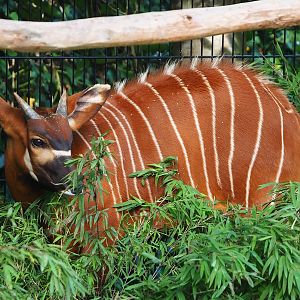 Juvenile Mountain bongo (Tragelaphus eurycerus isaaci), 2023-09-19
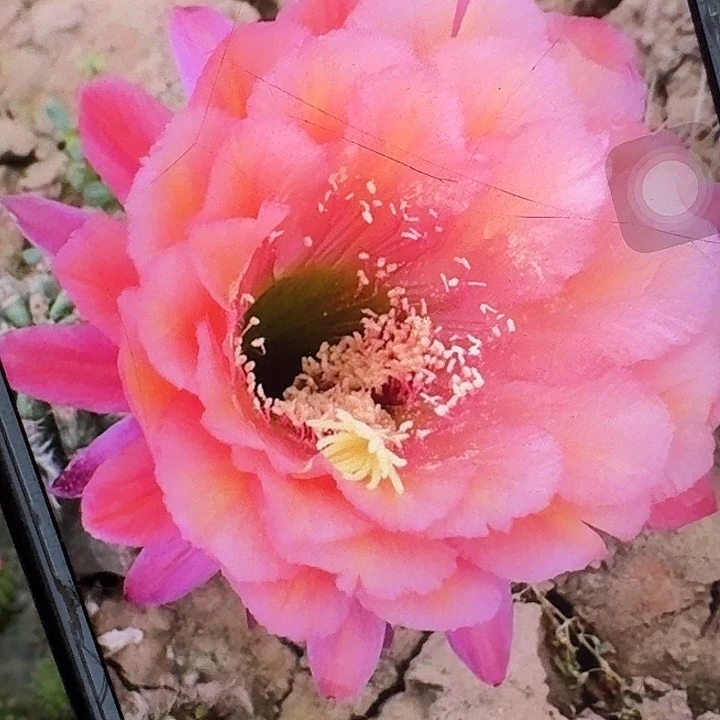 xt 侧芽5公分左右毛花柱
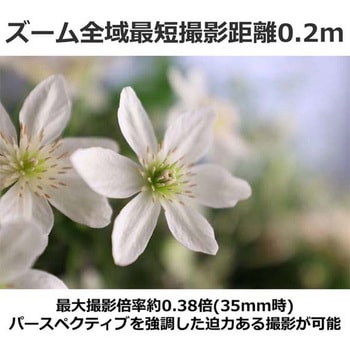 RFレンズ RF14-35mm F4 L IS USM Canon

| What to work on |
Any picture in the material is to be left out, and everything else is to be retyped as is.

| Exercise response |
 Juvenile Mountain bongo (Tragelaphus eurycerus isaaci), 2023-09-19
 xt 侧芽5公分左右毛花柱
 RFレンズ RF14-35mm F4 L IS USM Canon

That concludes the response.